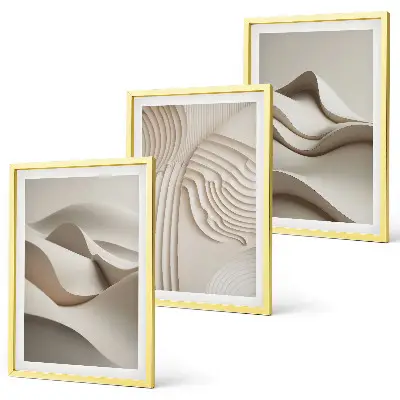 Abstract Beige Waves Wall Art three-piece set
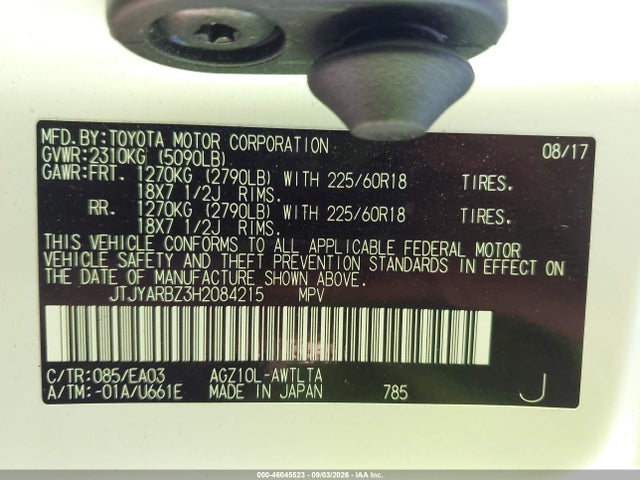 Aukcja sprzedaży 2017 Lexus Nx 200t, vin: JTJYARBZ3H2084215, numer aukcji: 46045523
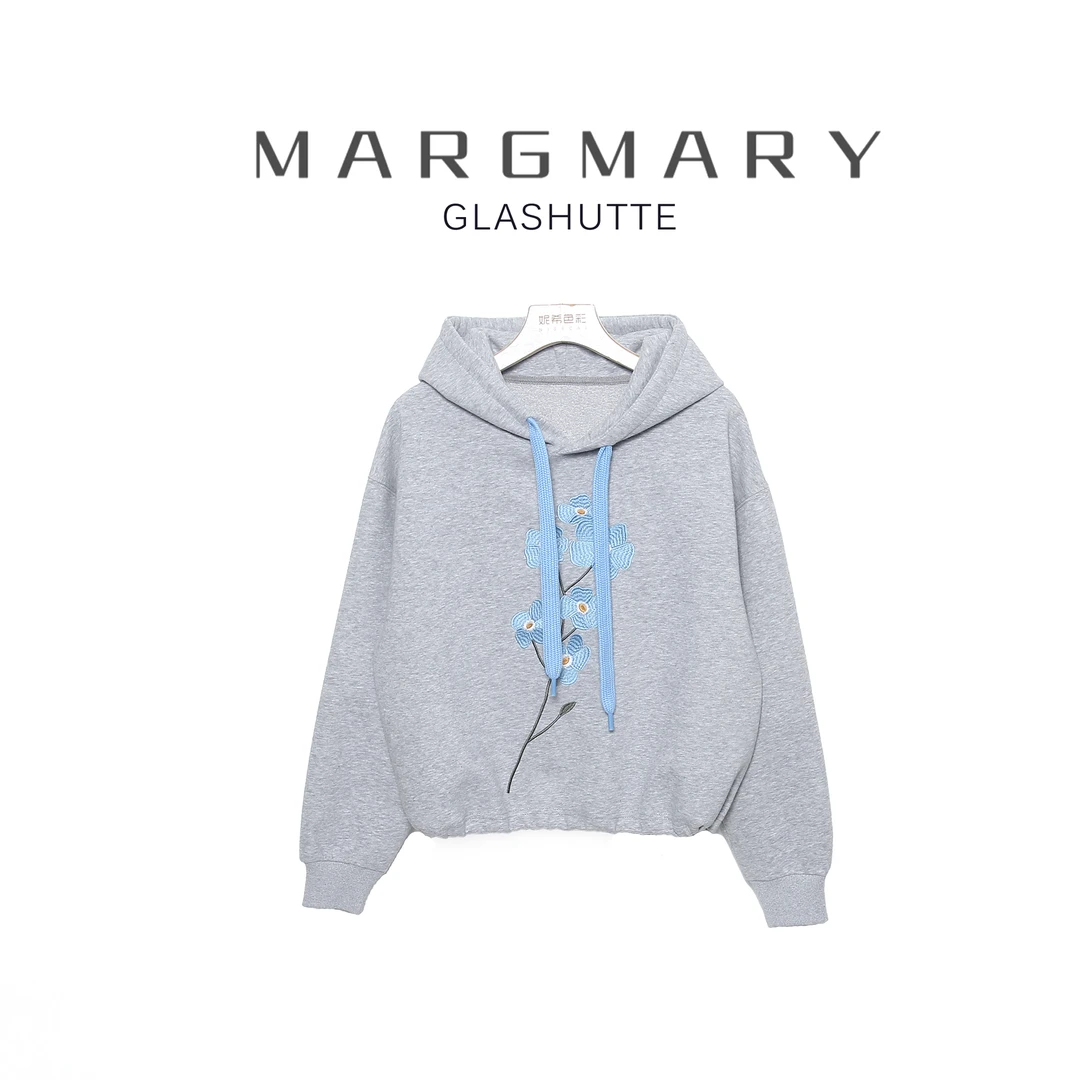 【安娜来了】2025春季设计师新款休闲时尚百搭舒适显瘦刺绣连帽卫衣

---*---

Assigned task
Copy exactly, and only, the lines from the line containing "Aukcja sprzedaży 2017" through the final line of the material above, with no pictures.

Finished exercise
 Aukcja sprzedaży 2017 Lexus Nx 200t, vin: JTJYARBZ3H2084215, numer aukcji: 46045523
 【安娜来了】2025春季设计师新款休闲时尚百搭舒适显瘦刺绣连帽卫衣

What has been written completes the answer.